When visiting a number of the National Parks there are signs warning visitors of wild bears however it is not a common occurrence to actually see one. The first places we really began to hope for a bear spotting was while traveling in Alaska – Mendenhall Glacier, Glacier National Park, Skagway and the Chilkoot Trail, and Ketchikan. Being there during the salmon run seemed like it should almost guarantee a bear sighting yet we did not see any. This was disappointing as we could see where bear had been and in one case was told of a sighting mere minutes before we arrived to that area. Well, there were other parks in our travel plans with good opportunities as well. Maybe there will be better luck at those.
When planning for the Smoky Mountains and Shenandoah we read about high bear populations so hoped this would provide the much sought after encounter (from a distance of course).
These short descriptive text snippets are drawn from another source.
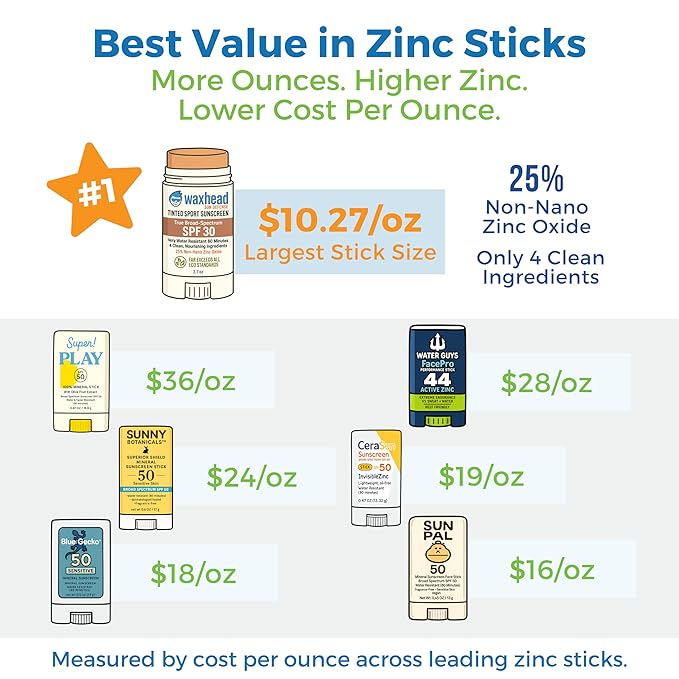 Tinted Zinc Oxide Sport Sunscreen Stick SPF 30, 3.7oz by Waxhead - 25% Non-Nano Zinc Oxide, 4 Food-Grade Ingredients, Sweat & Water Performance, Reef-Safe Mineral Face Stick for Kids & Sensitive Skin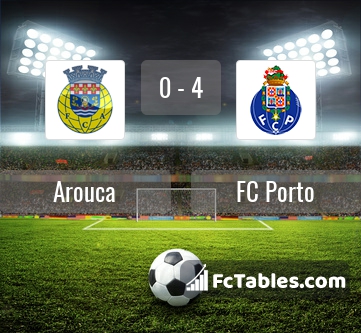 Preview image Arouca - FC Porto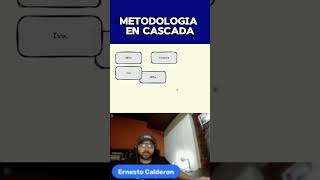 METODOLOGIA EN CASCADA #contaportable #contadores #anexo #iva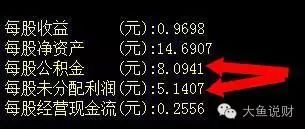 美团股价实时行情股票_300148股票行情_美股行情股票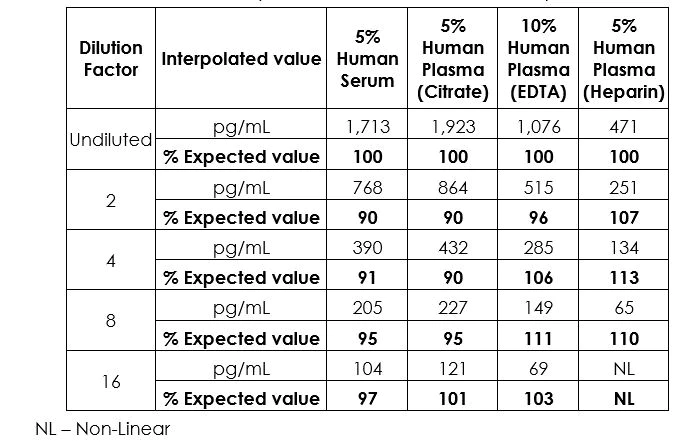 Sandwich ELISA - Human PAI1 ELISA Kit (SERPINE1) (AB269373)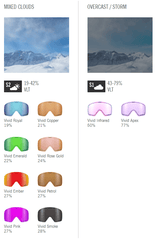 Giro Contour RS Goggle White Craze with Vivid Rose Gold and Vivid Infrared Lenses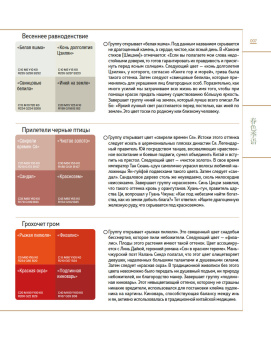 Книга «Краски Запретного города. Традиционные цвета Китая» - автор  Го Хао, Ли Цзяньмин, интегральный переплёт, кол-во страниц - 296, издательство «Колибри»,  серия «Арт-тренд», ISBN 978-5-389-23325-6, 2025 год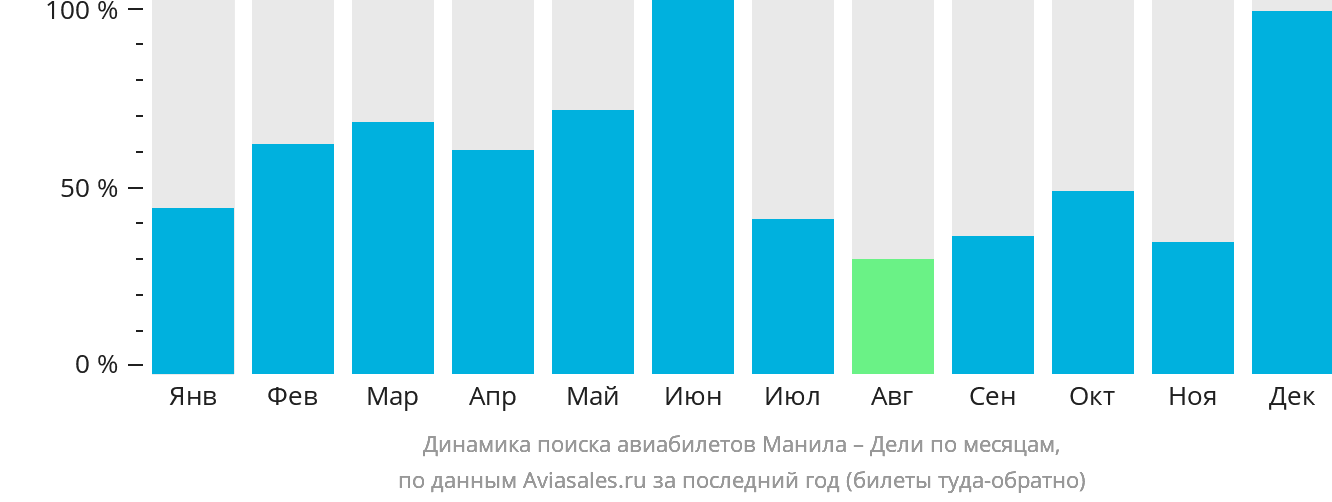 Динамика поиска авиабилетов из Манилы в Дели по месяцам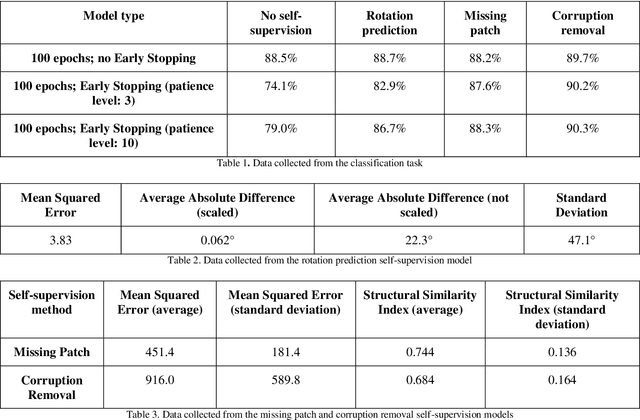 Figure 2 for Advancing Melanoma Diagnosis with Self-Supervised Neural Networks: Evaluating the Effectiveness of Different Techniques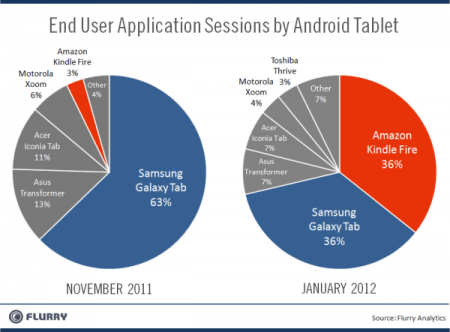 Flurry: доля Kindle Fire за два месяца выросла до 36%. Фото.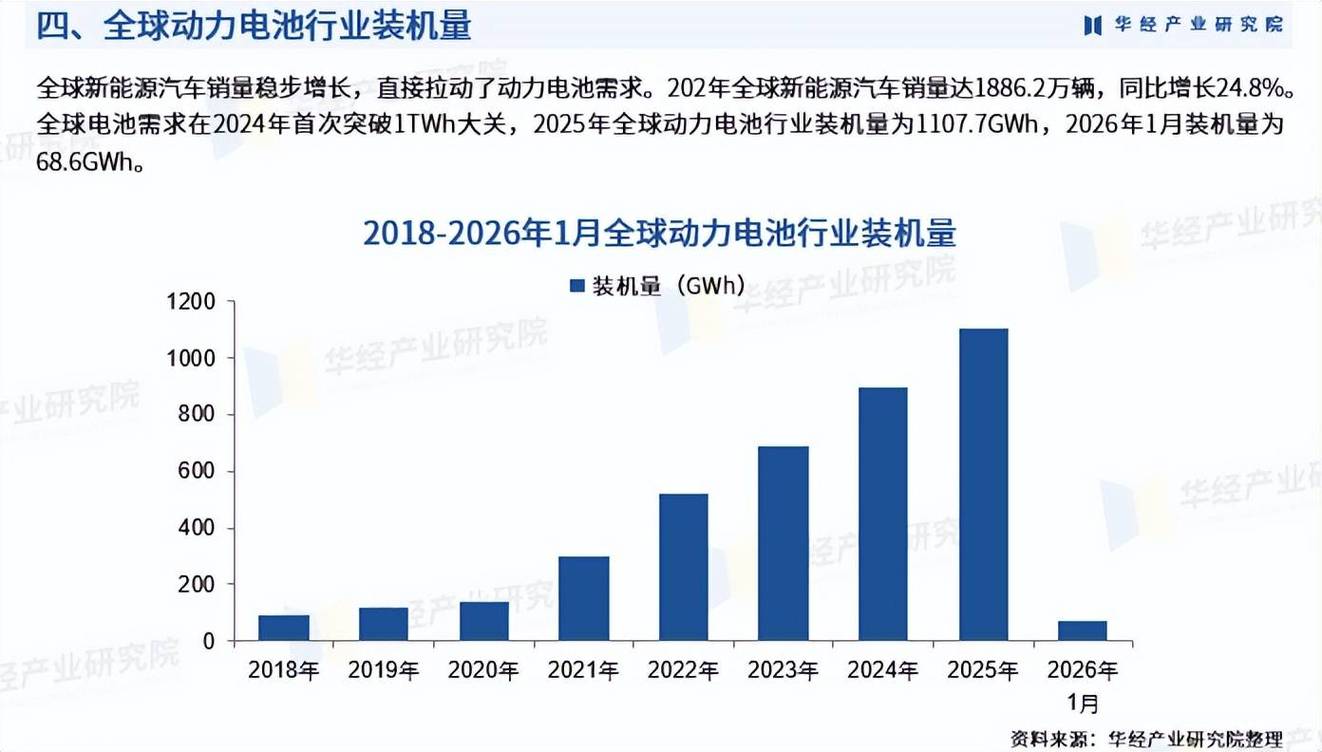 _动力电池产能扩张计划_新型电池产业链体系加速完备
Keeping a watchful eye while driving and taking time to hike into the forests produced no success and once again left us wanting to see a wild bear. Now we are starting to wonder if we are bear repellent as we’ve been to some good areas to see them and nothing to show for it. It became kind of a joke for us and many friends of ours that seeing a bear is not in our future and if you want to go into bear territory, just ask us to join you and you won’t need to worry about encountering them.
As our Monopoly National Park travels near the end we had one last hope to see a wild bear a safe distance away – Yellowstone National Park. The first afternoon and evening in the park and no bears. Our first full day exploring this beautiful place – you guessed it, no bears. A second full day on which I got up early and went into areas with a higher probability of bears just hoping to come across one and still no bears. Giving up in the late morning I began my trip back to the hotel to pick up the rest of the family for more Yellowstone fun only to encounter a road block and not being able to get through. Losing a little hope at the sight of road construction equipment I eventually made it through the jam and began passing numerous people with cameras all pointed in the same direction.
Quickly pulling over hoping to finally see a bear I was confronted with park police told I couldn’t park there so I continued on and finally found a legitiment place to stop and walked quickly back to the place I saw all of these people expecting whatever wildlife to have moved on by now. Shocked there she was – a bear. Not only was there a bear but she was with a cub. Finally… a wild bear siting! After this bear and cub walked into a nearby forest I began my walk back to the car when another person pointed out another bear in a nearby field. This bear also was with a cub. That’s four bears in one area. By the time we left Yellowstone a few days later we had observed seven bears in total. The wait was over and well worth it. Bears are fun to watch at a safe distance for both the observer and the bear, especially the cubs as they play on trees or in a meadow.